Sixth in the Duncan Kincaid/Gemma James British police procedural Scotland Yard series. I absolutely love this series! The mysteries are interesting, the characters are fully-fleshed and very real, and the books are a nice blend of integrating the personal lives of the characters with a decent mystery. This one had its origins back in the Blitz of WWII and was set on the Isle of Dogs with a local businesswoman brutally murdered and laid out in Mudchute Park there. As the list of suspects grew and new clues were added via flashbacks into the past, the mystery became more mysterious and I truly had no idea who the murderer was until just before it was revealed. Always a nice surprise, since I often am able to pick out the murderer well in advance. I often will give some of my favorite series books an A simply for enjoyment and for the characters, but this one deserved an all-around A+ and gets it!
Exciting, complicated but skillfully written!!
One of the stronger installments in a very satisfying series.
This series about Gemma James and Duncan Kincaid are some of my favorites.
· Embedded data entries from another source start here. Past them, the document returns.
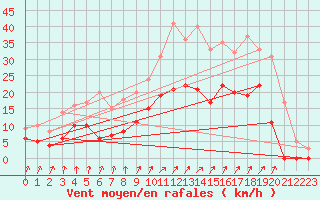 Courbe de la force du vent pour Epinal (88)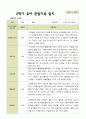 평가제 2학기 유아관찰일지 만 4세 22명 6페이지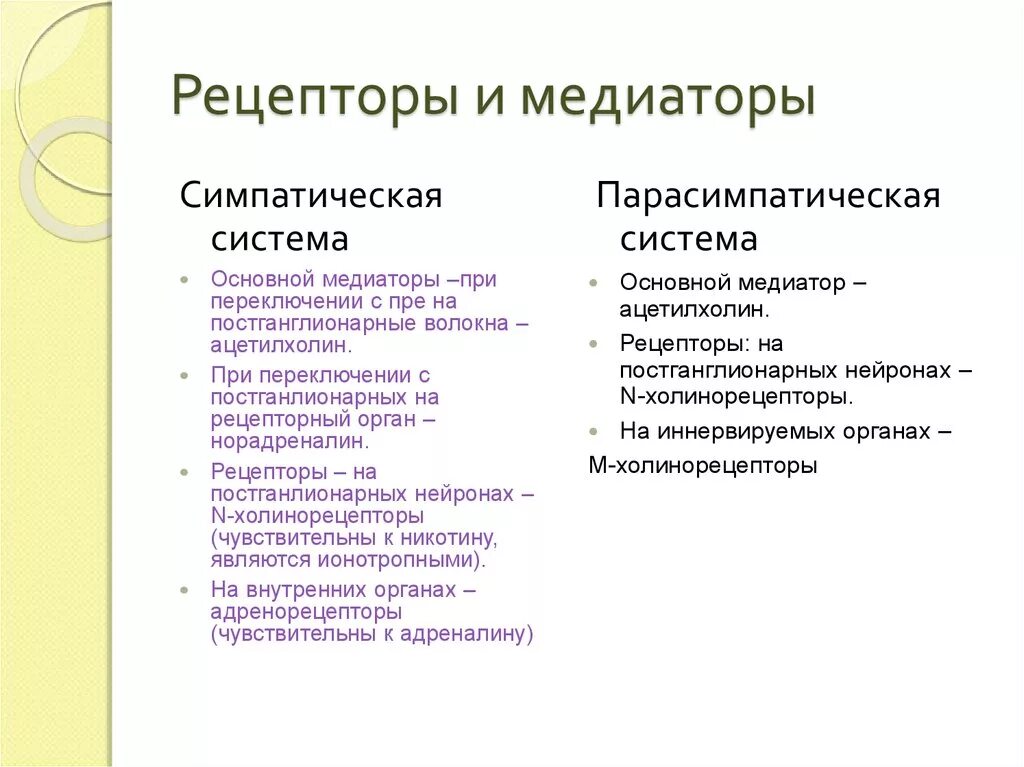 Рецепторы какой отдел нервной системы. Парасимпатическая нервная система медиаторы и рецепторы. Медиаторы и рецепторы вегетативной нервной системы. Медиаторы и рецепторы симпатической нервной системы. Медиатороры симпатической нервной системы.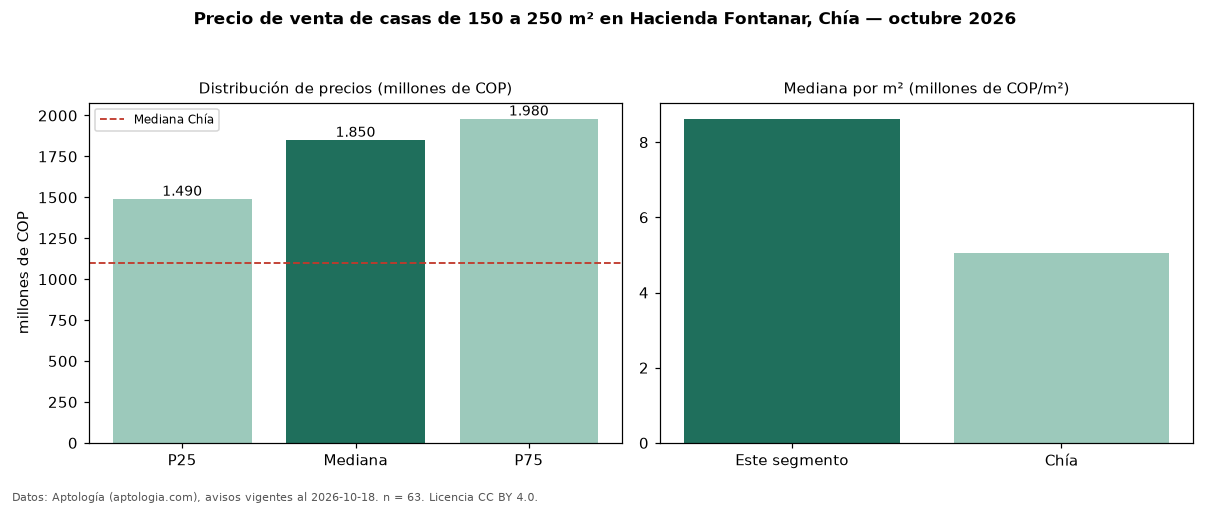 Precio de venta de casas de 150 a 250 m² en Hacienda Fontanar, Chía — octubre 2026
You can't go wrong with any of them.
A nice balance of characterization (particularly Kincaid's relationship with his son) and a great whodunit.
This is the 6th book of an enjoyable mystery series. In this book Kincaid is called to investigate the murder/suidice of a young women who is not well-liked and has had a vicarious life. There are several complicated plots that Crombie goes through and manages very well. i highly recommend.
A murder mystery out of Scotland Yard. A good read.
I am a big Deborah Cromie fan and this one, as always, is interesting as well as well written. She is often compared to P.D. James. I like her better.
The body of a lovely young woman is found in London's fashionable Docklands area. She turns out to be Annabelle Hammond, the director of an old family firm of tea merchants. She was a woman of tremendous talent and sexual appetite, but also the kind of harsh and abrasive personality that provides plenty of motives for murder. The Hammond family is also historically linked to the self-made property developer Lewis Finch and his son, an activist dropout and street musician. The other suspects include a spineless boyfriend who works at the tea firm, a secretary too loyal to be true, and herrings of various shades of crimson. Kincaid and James have to solve it all, even as their own personal problems threaten to intrude. Thanks to Crombie's enviable ability to bring people and places to life with a single phrase, the story zips along like the new Docklands electric railroad.
Another great book by Crombie.
As Duncan Kincaid tries to get to know the son he never realized he had, the murder of a young woman keeps getting in the way. The past keeps tangling intriguingly with the present.
I really like this series.
Sixth in the series about Scotland Yard detectives Duncan Kincaid and Gemma James. A new reader could pick up the series here, but there has been a major development in the last book, so reading it first might help with the relationships. The theme in this book is all about betrayal: husbands and wives betraying each other, parents betraying children, children betraying parents. Kincaid and James are assigned to the case of a beautiful woman, the heir and manager of a famous tea company, who's been found dead in a park. She seemingly had everything, but as they learn more it seems she had some not-so-beautiful character traits. But there are issues here which reach a long ways back, back into the days of WWII, and are told in flashbacks. Kincaid is also attempting to build a relationship with the son he never knew he had, and it's not going that well. Lots of info about London's Docklands, and the Isle of Dogs, nicely inserted into the story.
Scotland Yard's Duncan Kincaid and Gemma James face their most haunting case yet when the past devastatingly intersects with the present....
Book 6 is a very good installment to the Kincaid/James police procedural series. I liked the way the author wove the WWII past into the present day murder case. I enjoyed reading about Kincaid's relationship with his new found son, Kit, and Gemma's reaction to his fathering skills. There were lots of interesting new characters who became suspects on my list for the murder only to be surprised when the murderer was finally revealed. I found the book to be very well-written and it's hard to believe that this British mystery is actually written by a Texan. I look forward to Crombie's next installment and highly recommend this series to those who love British mysteries.
The call from scotland Yard couldn't have come at a worse time for detective Superintendent Duncan Kincaid. He has promised the weekend to Kit, the eleven year old son of his ex-wife. The son he never knew he fathered who doesn't yet know Kincaid's true identity. But Duncan's best intentions are shattered by an investigation that draws him in the swiftly consumes him. It seems to begin with the discovery of the body of a beautiful young woman in an East London park. But Kincaid the Sergeant Gemma James will discover that this case has long roots that reach far back into the past, and that resentments which should have been decades buried still have the power to hurt and maybe even the capacity to kill.